A few years ago, when I’d first gotten on twitter, I recall reading a tweet from a big name author. We’ll just call her BNA.
She’d posted something along the lines of…
FINALLY! Finished my book. Beat the deadline and now…I can take a fricking bath and relax…
I didn’t think much of it, although, admittedly, I kind of rolled my eyes. I typically beat deadlines by several months (or at that point, I had) and I take a long hot soak whenever I want. Ahhh…the arrogance of youth. (Or somebody who hadn’t quite gotten used to heavy deadlines…)
While I rolled my eyes at what I perceived was overly dramatic, some of her followers took some potshots. She had a lot–still does. She got harassed like crazy for that simple tweet. A bunch of people were like…
What…you don’t take baths when you’re working?
For some reason, that rubbed me wrong although I didn’t say anything about it.
But I get what she was saying now.
For the past few months, I’ve been working under deadlines that have all but obliterated my ‘relax’ time. I force myself to squeeze it in and I still take time off on the weekends.
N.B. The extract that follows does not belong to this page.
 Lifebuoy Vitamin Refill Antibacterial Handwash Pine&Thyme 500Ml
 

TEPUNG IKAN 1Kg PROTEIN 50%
My family is more important than any book and I’m not going to work and never see them, but the health problems I’ve been having have just eaten away at my life, making me run late, ask for extra time, taking away time that I would usually put in on side projects or…yanno…read. Take long baths. Relax.
Even when I try to relax, it doesn’t happen.
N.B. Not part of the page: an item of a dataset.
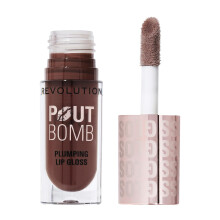 Revolution Beauty Pout Bomb Plumping Lipgloss High-Shine fr glnzende, vollere und pralle Lippen mit Hyaluronsure und Peptiden, vegan und tierversu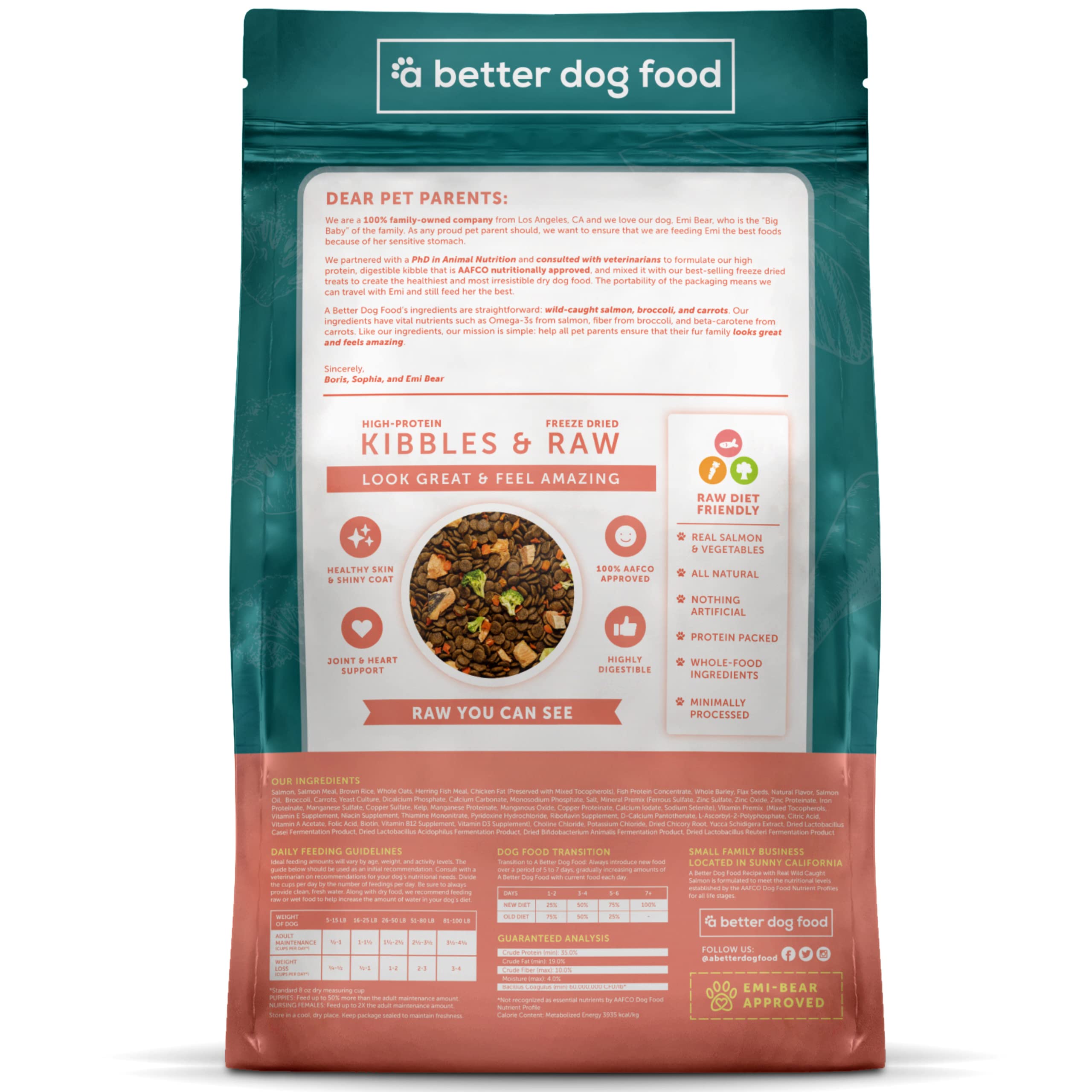 A Better Dog Food | Chicken Dry Dog Food | Raw You Can See | High Protein Kibble + Freeze Dried Raw Dog Food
There’s this weird thing with being a writer–and I think it’s something that a lot of creatives deal with the same thing–but you don’t leave your job. Ever. When I was in nursing, once I punched out, I was done. I didn’t have to work again until I got back to work the next day. But when you’re a writer, you don’t get to ‘punch out’ of the story. It’s always there. Your brain is constantly working at some angle or a character and it doesn’t ever shut down. There is always another story looking to be discovered or created, more characters waiting. The writing is always spinning something around around and your brain just doesn’t stop.
You’ve got a brain that’s constantly humming along at 70 mph, even when you sleep. It’s…interesting.
When you’re on deadline, it ramps up to 100mph, 120…140…200…O.O. And sometimes, you feel like this might actually happen if you have even one more thing to do…
Sitting in that bath tub sounds like a simple thing, but while we’re doing it, the story is already inside our head, eating us up and for all I know, if I sit down long enough to relax, some crucial piece will slip away.
Then my head might really explode. It’s easy to get tunnel vision when you’re stuck in deadline hell. Most things outside the basic necessities fade away-everybody’s basic necessities differ. Mine are family, food, church, sleep…and sleep honestly is low on the totem pole. So is food half the time.
But beyond those four? Eesh. I might forget to take a shower if I wasn’t afraid my husband might kick me out of the bed.